Applied Data · Stage test

Data Intermediate stage test

No governed timed route exists for this stage yet, so this page gives you an honest untimed stage-end check built from the published bank.

Format Untimed self-check

Questions 18

Best time to use it After the stage modules and practice

Question 1

What is the difference between ETL and ELT?

ETL is faster because it processes less data
In ETL, data is transformed before loading into the target. In ELT, raw data is loaded first and transformed inside the target system
ELT is an older approach that has been replaced by ETL
ETL and ELT produce identical results with no practical difference

Reveal answer

Correct answer: In ETL, data is transformed before loading into the target.
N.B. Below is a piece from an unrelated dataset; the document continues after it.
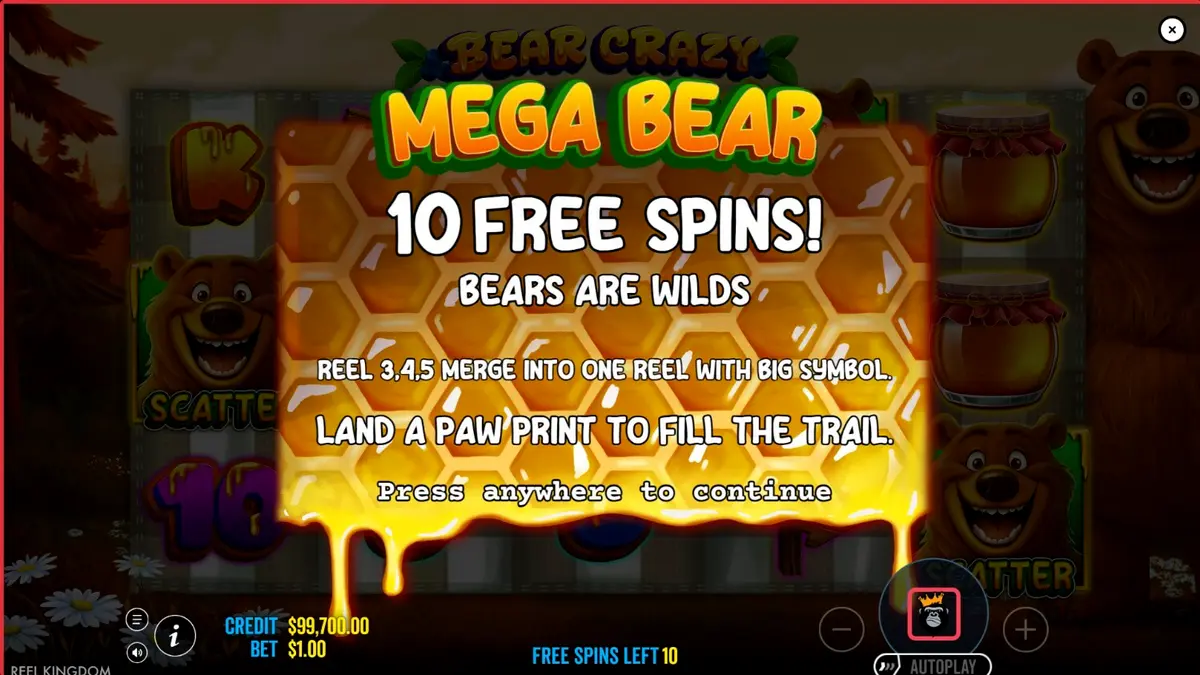 Pemandangan hutan hijau dengan simbol bertema piknik dan madu di slot Bear Crazy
In ELT, raw data is loaded first and transformed inside the target system

Question 2

What is data lineage and why does it matter?
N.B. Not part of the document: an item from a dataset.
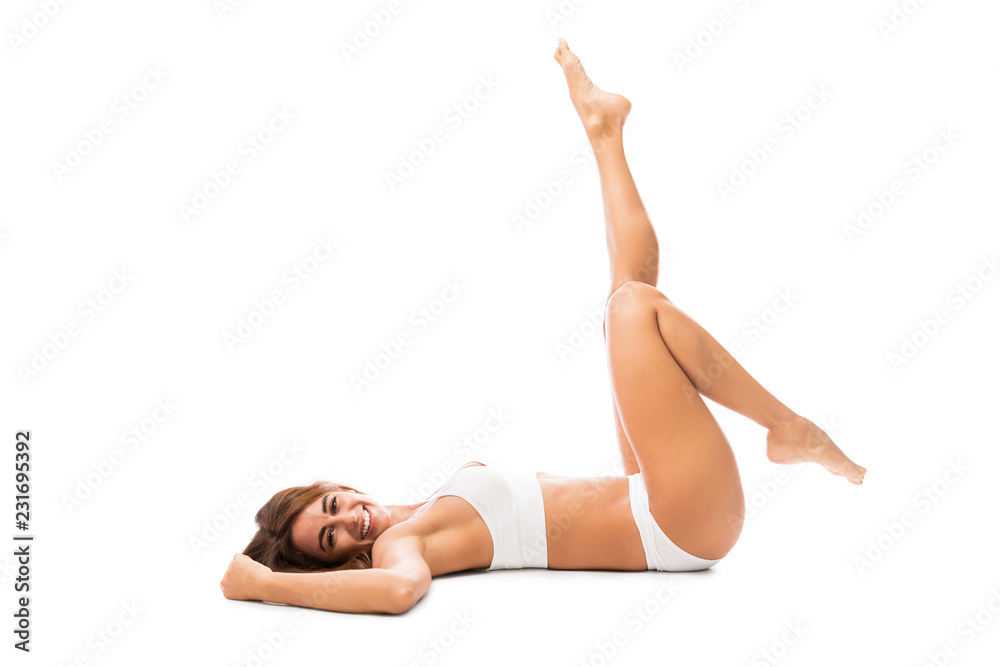 Woman In Lingerie Enjoying Her Fresh Skin Woman In Lingerie Enjoying Her Fresh Skin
It is the age of a dataset measured in days since creation
It is the documented path that data follows from source to destination, including all transformations, enabling trust and debugging
It is a type of database index that improves query speed
It is a backup strategy for disaster recovery

Reveal answer

Correct answer: It is the documented path that data follows from source to destination, including all transformations, enabling trust and debugging

Question 3

What does DAMA DMBOK 2 define as the primary purpose of data governance?

Installing database management software
Exercising authority, control, and shared decision-making over the management of data assets
Writing SQL queries for business analysts
Encrypting all data at rest and in transit

Reveal answer

Correct answer: Exercising authority, control, and shared decision-making over the management of data assets

Question 4

What is a data catalogue and what problem does it solve?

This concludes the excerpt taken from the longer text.